REQUIREMENT:
Lines from the one with "Athena Gloss White" up to and including the one with "Trinity Knot with" are to be copied exactly from the records below, without their pictures.

DATA FOR ANALYSIS:
________

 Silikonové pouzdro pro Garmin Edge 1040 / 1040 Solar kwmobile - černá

________

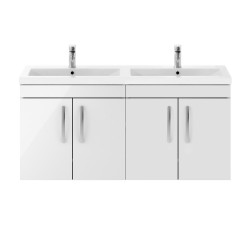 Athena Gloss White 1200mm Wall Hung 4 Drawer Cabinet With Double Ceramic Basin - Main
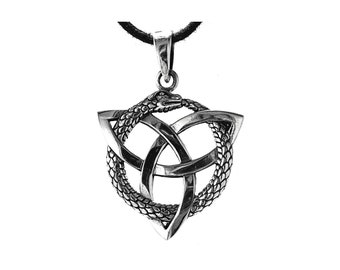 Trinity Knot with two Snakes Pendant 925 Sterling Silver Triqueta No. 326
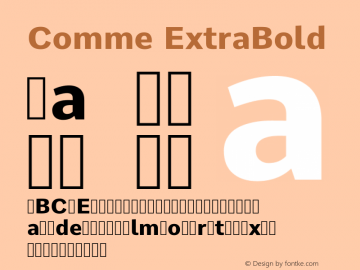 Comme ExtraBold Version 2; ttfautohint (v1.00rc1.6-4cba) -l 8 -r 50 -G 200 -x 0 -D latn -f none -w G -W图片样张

________

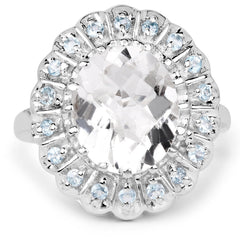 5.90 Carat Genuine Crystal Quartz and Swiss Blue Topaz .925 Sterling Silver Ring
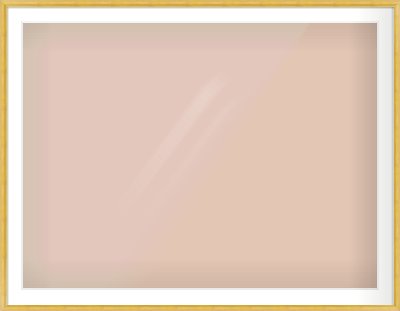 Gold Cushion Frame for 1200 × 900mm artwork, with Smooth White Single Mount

________

SOLUTION TO THIS PROBLEM:
 Athena Gloss White 1200mm Wall Hung 4 Drawer Cabinet With Double Ceramic Basin - Main
 Trinity Knot with two Snakes Pendant 925 Sterling Silver Triqueta No. 326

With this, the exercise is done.